Monday, May 16, 2016
I don't remember much about the day that I decided to go back to school at age 54, except the loneliness I was feeling. The house was empty at the time. All the kids were grown, and it just felt like I had no purpose. The marriage was on the rocks, we hardly talked to one another back then. I was on the phone with my mom, and she suggested I go back to college.
At first I thought, what a crazy thing to suggest, it had been so long since I had entered a classroom. What the hell would I do? What would I pursue? With my knees, how could I possibly get around? She must have used that mother's intuition that we are known to have inhabiting our being, because she said, "stop thinking of all the negatives and just think about it before you decide no".
Well, I figured since I never really listened to my mother when I was coming up, well maybe sometimes, that it might be okay to try a class or two. So I registered. I decided to go to Community College of Philadelphia, I liked their slogan "A Path to Possibilities". When I went in for testing I was informed that I had to take remedial classes in Math and English, which I was also told that most people my age that come back to school need to take these classes. So I didn't feel so alone in my remedial world.
The first degree that I was going to go after was Computer Science, but the math stopped me in my tracks. I never have been good with numbers, except to count money, but words were my love. I found out from my first English Professor, Simone Zelich, about an English degree that was opening up at CCP and I decided to take it, along with the Creative Writing Certificate that was offered. This move dropped me into classes that made me feel like I was in heaven. For the first time in my life I found out that I am what you call a bibliophile. (look it up, I had to)
I met a friend that was my age, and she convinced me to take a Theater class as an elective with her. Well it didn't quite work out that way. You see, I met a woman, Dr. Ardencie Hall-Karambe, that blew me away. The very first day of her Acting class, I went up to her after and asked her could I just follow her throughout my time at CCP, and she said, sure if that's what you want to do. So I added a Theater degree to my list of things I wanted to accomplish at CCP. Dr. Hall, or Doc, as all of her students call her, was the most accomplished black woman that I had ever met, and she had me in awe of her style of teaching and her down-to-earth personality. I knew that not only would she be able to show me how to conduct myself in the academic world, but that I had finally met a friend for life.
So here I was with not one, but three degrees facing me. What the hell was I thinking you may ask? I wasn't thinking about the work. I was actually having fun.
I didn't have the distractions that I had in when I was younger to keep me from accomplishing this goal, so college became fun for me. The new people that I met while attending CCP, from the men at the parking garage to the staff in the Pavilion's Cafe I will never forget the faces. Every morning, each semester for 4 years I would show up smiling and ready to get to work.
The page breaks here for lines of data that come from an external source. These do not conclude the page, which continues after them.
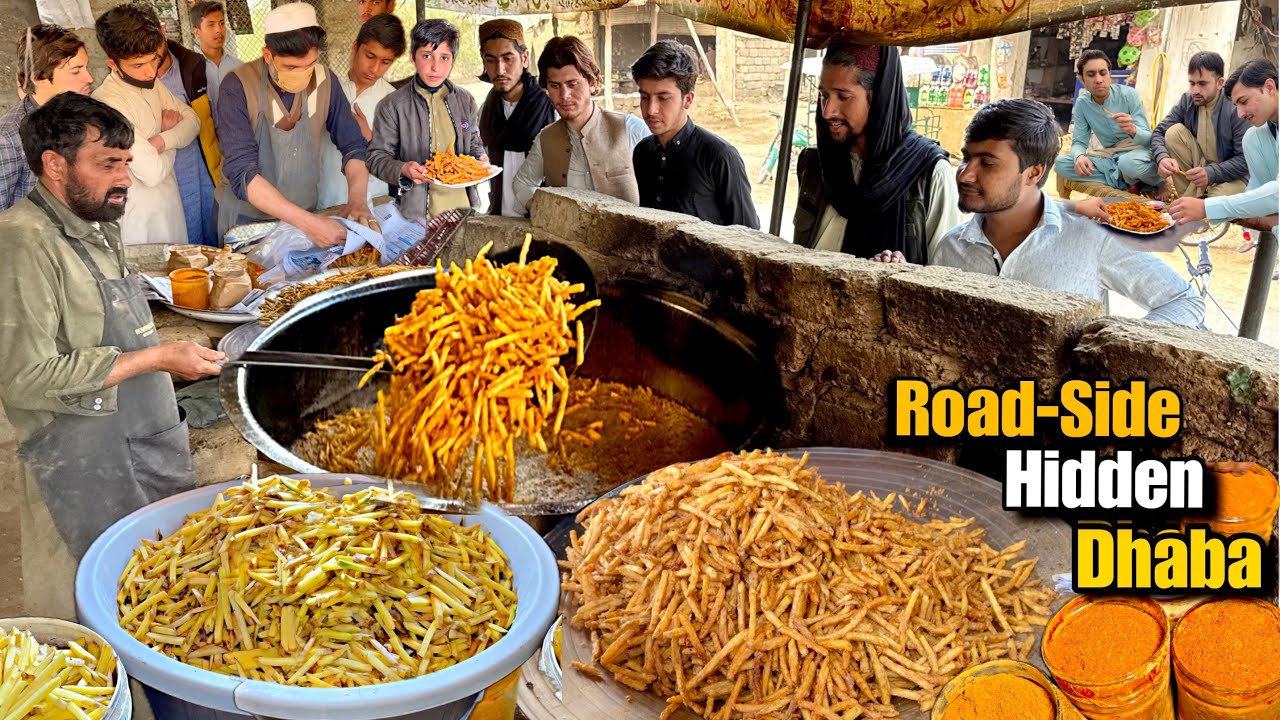 150 Kilos a DAY! 😍 Roadside Hidden Dhaba - Deep Fried crispy potatoes Fries | Pakistan Roadside Eats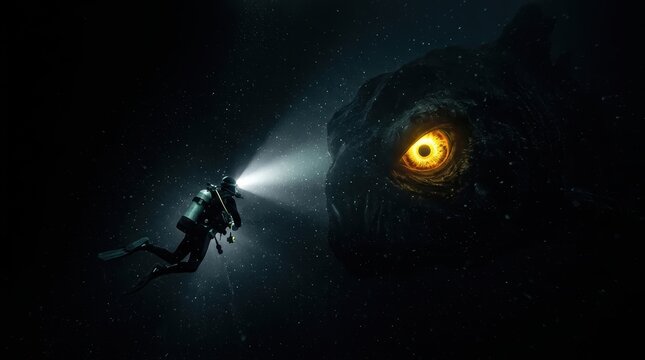 Scuba diver encounters colossal bioluminescent eye of deep sea leviathan in dark water.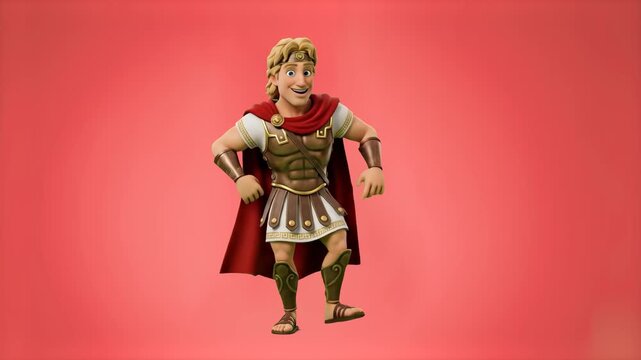 A heroic 3D cartoon ancient Greek warrior or Alexander the Great in gold cuirass armor and a red cape dancing joyfully, isolated on a vibrant red studio backdrop. Great for educational history program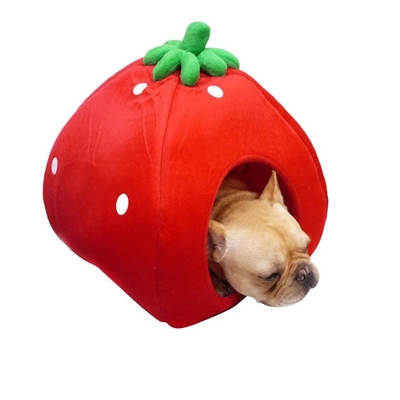 Cross Border Strawberry Dog Bed Pet House Cat House Small Dog House Wholesale Removable And Washable Mat Dog House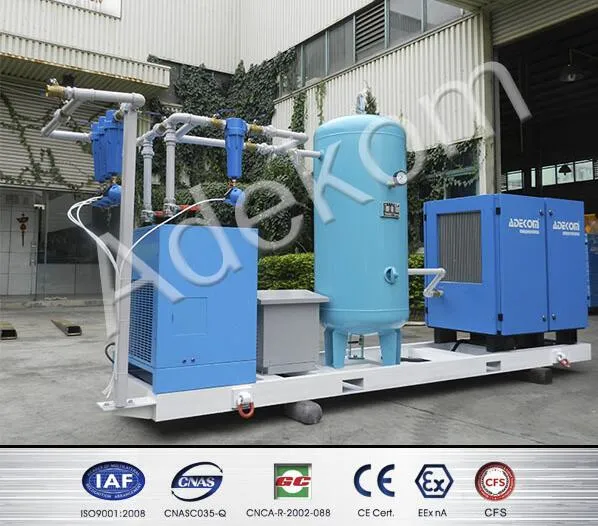 Low Noise Lubricated Skid-Mounted Screw Air Compressor (KD55-DR-8)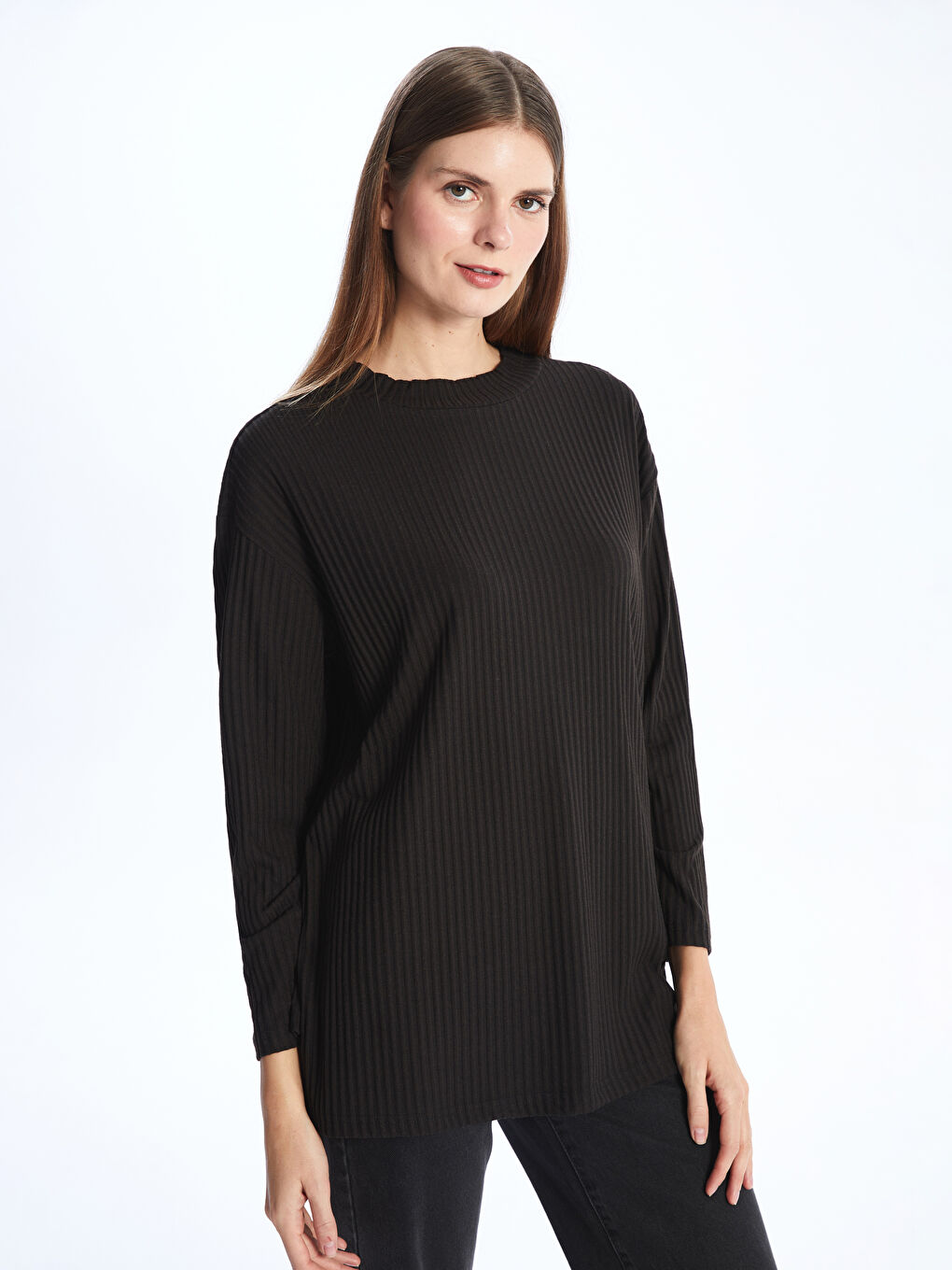 Funnel Neck Plain Long Sleeve Women's Tunic -W3DQ98Z8-CVL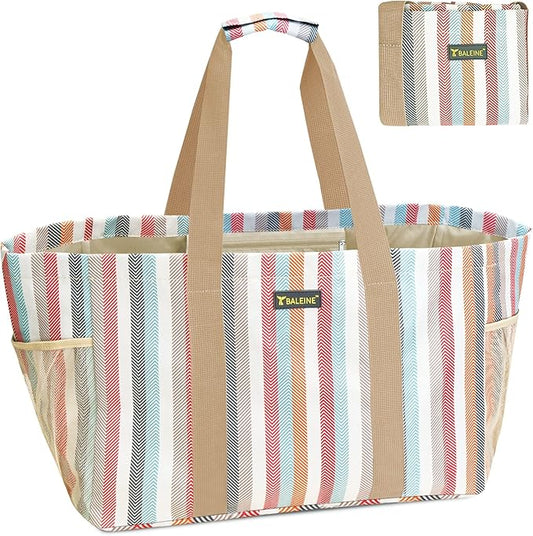 BALEINE Soft 9 Gallon Extra Large Utility Tote, Foldable Reusable Storage Bag (Color Stripe)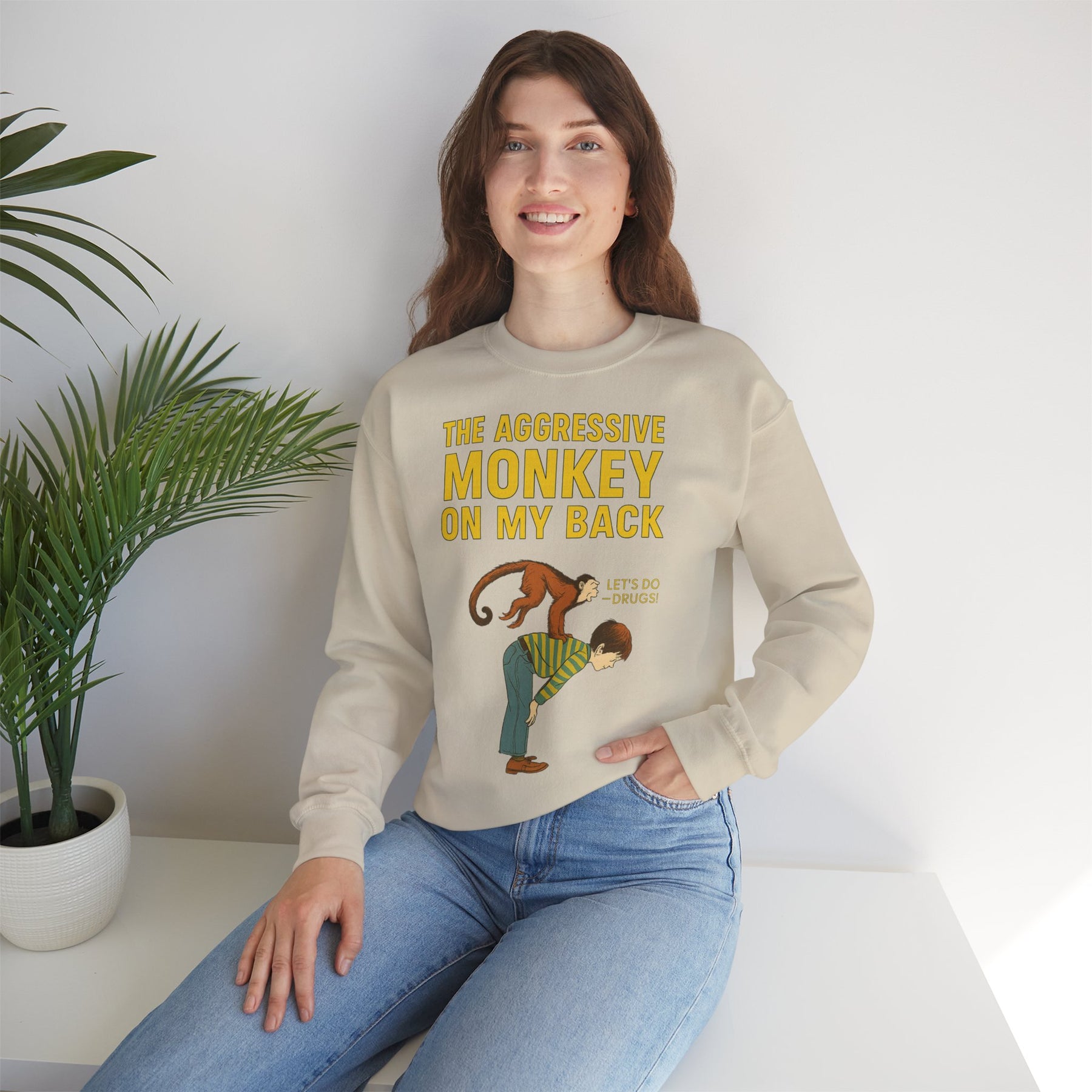 🐒 The Aggressive Monkey on My Back –atire Sweatshirt im Retro-Stil – Freches Satire-Design für mutige Statements | True Insights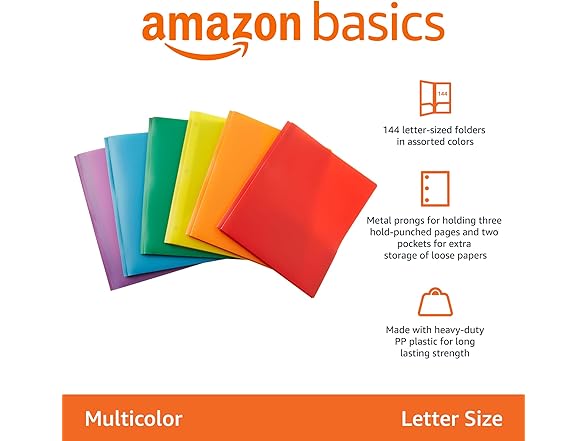 Amazon Basics Heavy Duty Plastic 2 Pocket Folder, 144Pk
Don't get me wrong, I had my ups and downs along the way, for instance, I had to repeat my first math class (I cried real tears that day) but I finally passed my math classes.
On May 7th, 2016, I walked with my class down the aisle at the Liacouras Center in Philadelphia and Graduated with High Honors. I am not finished yet because in September I will be attending Cheney State University to pursue my Master's Degree.
If you are out there and are wondering if there is life after 50, I am here to tell you HELL YEAH! Come on and get some life!
Monday, March 7, 2016
Philadelphia Artists Welcome the New TCI Theatre Festival
The Think/Create/Inspire Theatre Festival brings a platform to the Philadelphia area that new playwrights will definitely want to strive to be a part of. Created in the mind of Susan C. Small, professional award winning playwright, TCI gives artists in the area an opportunity to show off their talent without the overhead that usually hinders artists who do not have the backing to fund their own venues. The TCI Festival cover the cost of the space, and the advertisements for the shows that are accepted, all artists then agree to split a portion of the sales of all tickets to the venue. TCI’s premiere season runs from March 3rd -March 6th, 2016, and submissions will be open July 2016 for the 2017 season!
Please visit www.scharliproductions.com for more information.
Local artist/playwright/actress Nikki Powerhouse was performing the night I attended the Festival. This Philadelphia native has truly earned her name, Powerhouse. She performed a one-woman show entitled The Art of I Am that could only be described as absolutely phenomenal. Ms. Powerhouse wrote the piece, and it was skillfully directed by Dr. Ardencie Hall-Karambe. Dr. Hall-Karambe put light and sound to the production which enhanced each and every word that Ms. Powerhouse penned. From the onset of the performance you knew you were in for an emotionally charged sixty minutes as Ms. Powerhouse immediately began depicting the birth of herself into the world. There was a hush throughout the sold out 250 seat Venice Island P.A. Center and at the climax of this part of the eight-piece drama, there was not one woman in the crowd that was not in tears, or close to them. After a series of skits that flowed one into the other about life/love/loss/abuse/pain, and reclamation, she bowed to a standing ovation with screams of “Nikki! Nikki!” Look out for this powerhouse performer, I am definitely a new follower of hers.
There was a Q & A right after her performance and we were told that the show would be running again in April during the LGBT festival.